One of my morning rituals at work is to look at a custom summary view of error logs. This allows me to learn what is happening in the system.

Combined with an active drive to clean up the most frequent errors this is a great way to learn what a normal day looks like. Anything new has been caused by a change somewhere or an external failure.

This also gives you a way to estimate how frequently errors are happening compared to the events users are attempting.

Typically I ask in one of our developer slack channels if anyone is aware of the new issue. Sometimes people are already aware of the problem. Frequently there will be further investigation required.

For context I work in a medium sized company with multiple monoliths surrounded by a suite of services. Errors in the logs within my teams scope can be caused by work belonging to my team or more frequently by changes made by other teams.

Note this is mostly about errors. I recommend logging errors when something has gone wrong. This is more important in parts of a system where customers are paying for something. We have two major splits in a system as there are 1000x quotes compared to sales. The quote system should log less frequently than the sales otherwise they will dominate.

Recently I found a new log message stating that manual intervention was required for a process. I had to ask the person who wrote that code exactly what the manual intervention was and who would do it.

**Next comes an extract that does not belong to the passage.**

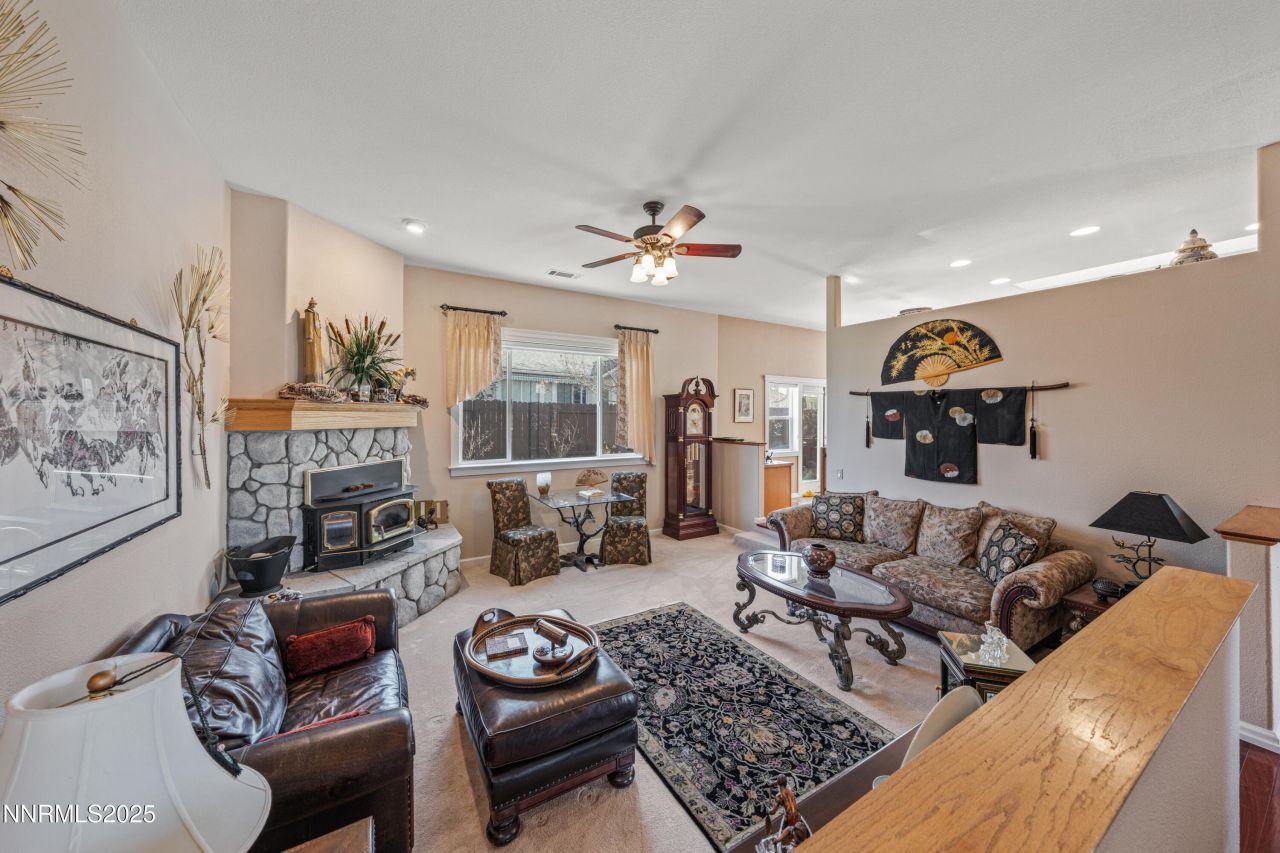 1105 Wisteria Drive, Minden, NV 89423 Photo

I recommend adding links in the log message to a page in the wiki with the instructions to fix. This can start out as a placeholder.

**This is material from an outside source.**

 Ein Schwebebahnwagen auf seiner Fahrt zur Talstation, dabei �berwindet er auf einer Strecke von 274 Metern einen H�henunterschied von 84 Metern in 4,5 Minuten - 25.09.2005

I also find that info or warning messages can be a great way to prove that a change has worked. I recently added a scheduled retry in 24 hours for a weird refund scenario (you can’t partially refund a credit card transaction that is less than 24 hours old…). By logging the retries it was possible to see how frequently this problem happened and how many manual interventions were required (In this case not many and none).

Thoughts on scope of bugfixes

When working on a bugfix do you handle all of the edge cases?

Typically if a system is down you need to do what it takes to get the system back up as quickly as possible without making things worse. This can involve leaving rare edge cases as failure messages with logs that will help fix the problem in future.

This all depends upon the severity of a failure, the speed of deployment and the capacity to fix the problem in the near future.

Sometimes having a manual work around for a rare non-time critical issue is better use of time than overengineering a solution for a problem that may never happen.

Recently I have had to work on production issues that cannot be recreated in a test envionment (without waiting a day or so to set up the test data).

A related type of problem is the bug that could have multiple causes. You think you have recreated the issue fix it only to find it is still broken in production. Having audit logs at info level can help estsblish exactly what was attempted. Event sourced systems can recreate what suceeded, but not always the things that fail.

When logging a failure message always give enough information to locate the error without leaking PII.